Most importantly, the SEAL whistleblowers point out how their command turned into a mafia like organization writing:
What I started seeing, was that when certain guys did something that would have been grounds for separation, there were a handful in leadership positions that saw these guys as easy prey. If the leadership could get the charges dismissed, they had at their disposal someone who owed them and their career, and in exchange, these “Problem Children” would be willing to do anything for them. In this way, they were able to recruit cronies, people who would not question when leaders were taking kick-backs or making decisions based on publicity and notoriety and personal agendas.
This is the very heart of the problem, everything else is just a symptom of the disease. The SEALs go on to describe how once corrupt commanders had separated the compromised individuals from the straight shooters, they now had a little organization of sycophants who also saw opportunities for corruption, and began giving out sweetheart military contracts to friends who were fellow SEALs. These unethical deals resulted in the SEAL teams getting sub-standard equipment and training. “It was becoming something like the show Sons of Anarchy—like a biker gang within the teams,” one SEAL described.

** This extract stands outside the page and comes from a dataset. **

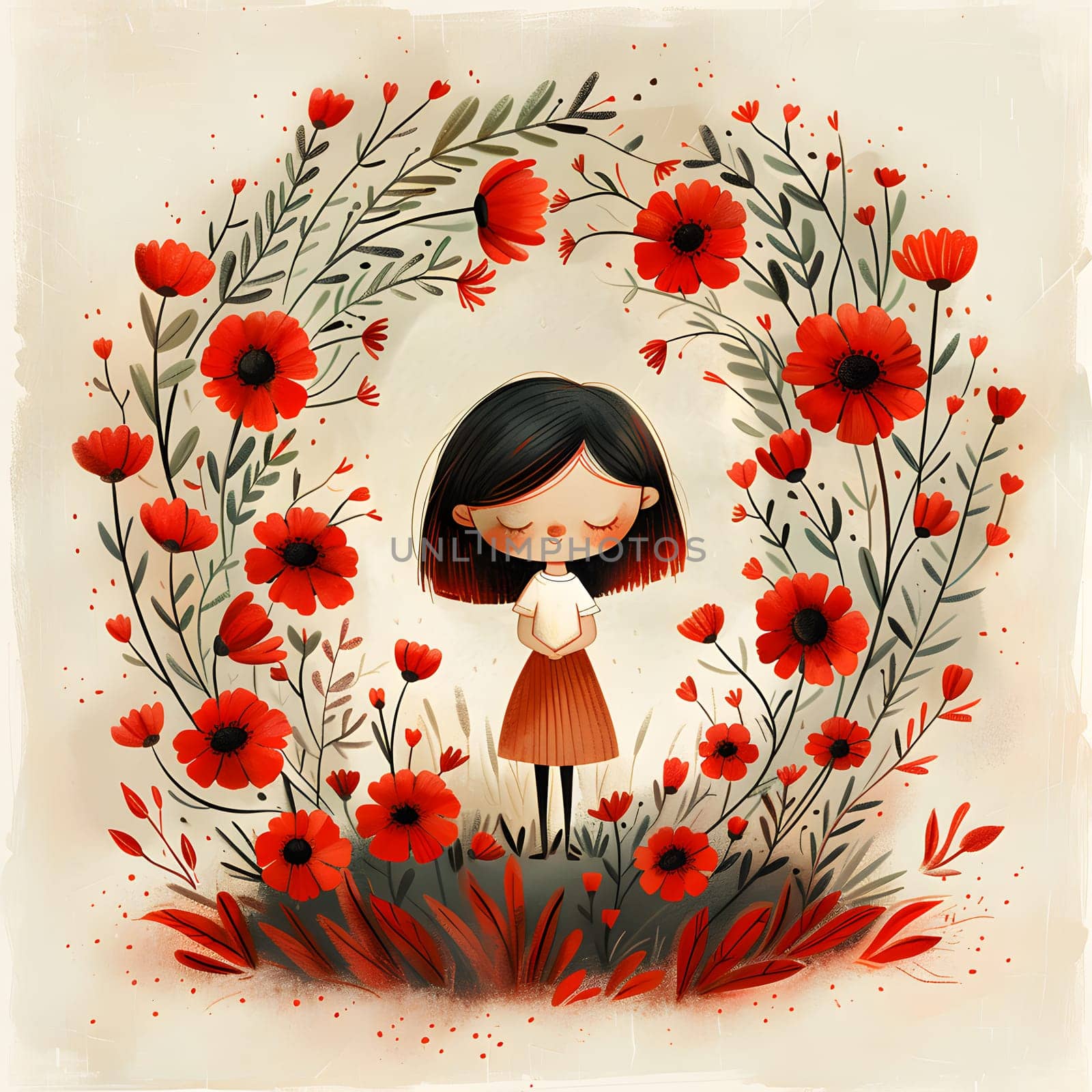 The girl is enclosed in a rectangle of red roses, creating a beautiful and artistic display of flowers surrounding her with a smile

The whistleblowers also describe what a joke NCIS investigations have become. SEAL Team Six operators who are called in and interrogated by NCIS simply sit in their chair and say nothing to investigators according to SOFREP’s sources. The investigators have no legal manner to compel them to talk and the operators would see it as “snitching.” Because everyone has dirt on each other in the unit, snitching is mutually assured destruction anyway. Years ago, SOFREP’s CEO reported improper behavior to Department of Defense. The only result was DoD stalking his neighbors and scaring them. They also leaked his personal information to the press.
The three Navy SEALs who have spoken up deserve a lot of credit for choosing the hard right over the easy wrong. They literally have nothing to gain and everything to lose by speaking out. Those who have tried to blow the whistle in the past have been silenced, intimidated, and threatened. With report after report describing corruption, drug use, unethical behavior, and war crimes emerging, one has to wonder just how much worse it has to get before Naval Special Warfare realizes that they cannot cover these issues up any longer. In some ways, it is reminiscent of how the military has handled sexual assault to include the recent Marines United scandal.
The military thinks they can just ignore the problem and it will go away. Instead, it just gets worse and worse.